Many in the newspaper industry are wondering how public notice laws will fare in light of the fiscal crises precipitated in many states by the pandemic. Interim committee hearings last month in Wyoming and Arkansas suggest the answer may depend, at least in part, on the size and scale of each state’s budget deficit.
The Sept. 11 hearing in Cheyenne left Wyoming Press Association (WPA) Executive Director Darcie Hoffland in a state of heightened concern. By a 10-3 vote, the joint Corporations, Elections & Political Subdivisions Committee approved a motion to direct the Legislative Service Office to draft a bill that would move notices for meeting minutes and government-employee salaries from newspapers to local government websites. [CORRECTION: An earlier version of this story mistakenly stated the motion was “to introduce a bill next session” that would move the notices.]
According to Hoffland, some members of the committee who voted in favor of the motion had previously shown support for newspaper notice. Perhaps the most alarming development was the apparent change of heart by House Majority Whip Tyler Lindholm, R-Sundance, who voted in favor of the motion despite leading the fight to keep bid notices in newspapers earlier this year. (Lindholm lost his primary to a more conservative Republican and will no longer be a member of the legislature when it reconvenes for the 2021 session.)
Proponents of the motion focused squarely on the need to cut spending as a rationale for moving the notices to government websites. After noting her support of newspaper notice in the previous session, Rep. Shelly Duncan, R-Torrington said she no longer had that luxury as a result of the state’s budget hole. “We are in a budget crisis,” she said. “Everyway and anyway we can save we need to.”
How big is Wyoming’s deficit? Despite cutting $250 million from the state budget earlier this year, officials are still projecting a deficit in the current fiscal biennium of more than $1 billion. That’s the largest shortfall in Wyoming history and a significant chunk of money in a state that spent $4.7 billion in the previous fiscal year.
According to WPA board member and National Newspaper Association President Matt Adelman, the state’s extraordinary budget crisis is a result of both the pandemic and the collapse of the local oil, natural gas and coal industries. But he doesn’t think taking notices out of newspapers will save money. “It’s just a way for (the associations representing counties and municipalities) to justify killing newspaper notice, which is what they’ve wanted to do for years now, he says.
Adelman and Hoffland both say the notices at risk are significant, especially the one requiring publication of the minutes of city council and county commission meetings. Both suspect the elimination of that notice could force some of the smaller papers in the state to close.
Hoffland says newspapers in Wyoming have lost a number of notices over the last two decades and she expects the momentum to eliminate more to increase significantly in 2021. “It’s been death by a thousand cuts over the last 20 years,” she says. “A little bit here and a little bit there. We need to make a stand.”
The interim hearing held two weeks later in Arkansas’ House and Senate Committees on City, County and Local Affairs was far less threatening, at least in part because the fiscal picture is much brighter in the Razorback State than in Wyoming. Arkansas ended its latest fiscal year this summer with $360 million more than it expected to have after the pandemic arrived in full force in March.

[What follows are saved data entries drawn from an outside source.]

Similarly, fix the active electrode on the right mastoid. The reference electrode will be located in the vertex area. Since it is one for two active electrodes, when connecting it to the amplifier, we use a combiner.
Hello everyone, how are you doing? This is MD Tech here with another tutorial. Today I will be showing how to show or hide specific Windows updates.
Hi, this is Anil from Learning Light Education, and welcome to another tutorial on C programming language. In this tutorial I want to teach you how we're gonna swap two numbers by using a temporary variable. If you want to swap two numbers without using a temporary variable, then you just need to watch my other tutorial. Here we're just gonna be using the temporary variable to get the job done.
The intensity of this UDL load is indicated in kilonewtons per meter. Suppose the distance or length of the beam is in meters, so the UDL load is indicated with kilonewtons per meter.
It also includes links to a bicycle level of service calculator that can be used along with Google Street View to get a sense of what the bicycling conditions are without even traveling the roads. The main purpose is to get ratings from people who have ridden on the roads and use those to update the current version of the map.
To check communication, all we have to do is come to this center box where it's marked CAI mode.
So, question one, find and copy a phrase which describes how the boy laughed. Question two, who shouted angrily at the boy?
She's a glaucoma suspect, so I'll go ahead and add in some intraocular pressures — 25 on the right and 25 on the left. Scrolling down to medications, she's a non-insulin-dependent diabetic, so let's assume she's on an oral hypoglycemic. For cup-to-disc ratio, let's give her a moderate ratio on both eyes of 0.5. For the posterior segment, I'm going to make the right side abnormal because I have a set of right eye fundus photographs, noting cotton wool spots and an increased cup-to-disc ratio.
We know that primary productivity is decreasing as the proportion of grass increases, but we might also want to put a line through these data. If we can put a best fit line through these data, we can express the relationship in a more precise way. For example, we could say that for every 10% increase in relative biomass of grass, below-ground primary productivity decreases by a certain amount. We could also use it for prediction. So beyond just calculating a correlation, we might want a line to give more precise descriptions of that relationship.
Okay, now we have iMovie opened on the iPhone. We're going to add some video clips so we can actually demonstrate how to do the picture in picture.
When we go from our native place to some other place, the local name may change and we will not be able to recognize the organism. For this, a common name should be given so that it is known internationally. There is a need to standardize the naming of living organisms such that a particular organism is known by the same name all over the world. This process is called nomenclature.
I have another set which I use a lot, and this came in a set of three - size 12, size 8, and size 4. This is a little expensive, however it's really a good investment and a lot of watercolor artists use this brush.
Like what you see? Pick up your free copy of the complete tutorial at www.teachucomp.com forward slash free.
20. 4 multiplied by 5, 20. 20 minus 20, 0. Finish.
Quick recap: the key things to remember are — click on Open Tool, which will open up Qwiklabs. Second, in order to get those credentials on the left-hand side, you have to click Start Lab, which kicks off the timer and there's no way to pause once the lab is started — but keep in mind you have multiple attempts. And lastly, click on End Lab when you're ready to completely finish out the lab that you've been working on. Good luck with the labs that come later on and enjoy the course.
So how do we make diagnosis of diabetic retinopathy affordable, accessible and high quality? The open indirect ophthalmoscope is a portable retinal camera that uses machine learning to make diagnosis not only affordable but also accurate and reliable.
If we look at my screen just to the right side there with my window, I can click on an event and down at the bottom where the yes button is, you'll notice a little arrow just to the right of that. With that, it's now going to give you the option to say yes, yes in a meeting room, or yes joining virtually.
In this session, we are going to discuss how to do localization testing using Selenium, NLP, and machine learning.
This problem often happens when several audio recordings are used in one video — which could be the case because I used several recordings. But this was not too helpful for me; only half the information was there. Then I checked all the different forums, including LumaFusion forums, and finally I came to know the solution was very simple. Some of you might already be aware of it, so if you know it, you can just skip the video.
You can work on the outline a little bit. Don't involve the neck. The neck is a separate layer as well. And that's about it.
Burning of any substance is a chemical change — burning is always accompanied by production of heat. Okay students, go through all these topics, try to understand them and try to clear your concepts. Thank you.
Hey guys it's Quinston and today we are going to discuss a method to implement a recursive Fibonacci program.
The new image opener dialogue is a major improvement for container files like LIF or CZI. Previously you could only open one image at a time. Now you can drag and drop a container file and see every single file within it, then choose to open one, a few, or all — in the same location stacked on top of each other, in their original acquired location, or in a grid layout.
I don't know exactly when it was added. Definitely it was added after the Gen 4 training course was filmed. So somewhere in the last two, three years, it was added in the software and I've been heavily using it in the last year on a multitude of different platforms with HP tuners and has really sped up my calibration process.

It’s not that the cost issue didn’t come up, but there wasn’t a huge appetite in the room for making big changes to the notice laws.
Rep. Fran Cavenaugh, R-Walnut Ridge, focused on Arkansas’ lack of broadband access as a reason to proceed cautiously. “We’re in a transition period where it looks to me like we’re going to have to have multiple ways for people to get notices,” she said. “We’re still going to have to have print because we do have some areas where that’s the only way they’re going to get some notices.”
and two executives from Arkansas Democrat-Gazette parent WEHCO Media argued there is no need to move notices to government websites because APA already publishes them on its own statewide website. That argument proved to be persuasive for some members of the committee.
“I did not know [the press association had a public notice website] so I will be more than happy to work with you all in the future in regards to moving forward because I don’t think the state will need a website,” said Rep. Fred Love, D-Little Rock. Rep. Love had previously been in favor of creating a state government website for public notices.
Wimberley told the committees that APA would welcome an opportunity to participate in a legislative study about the future of public notice in the state. That is where this issue is likely to be headed.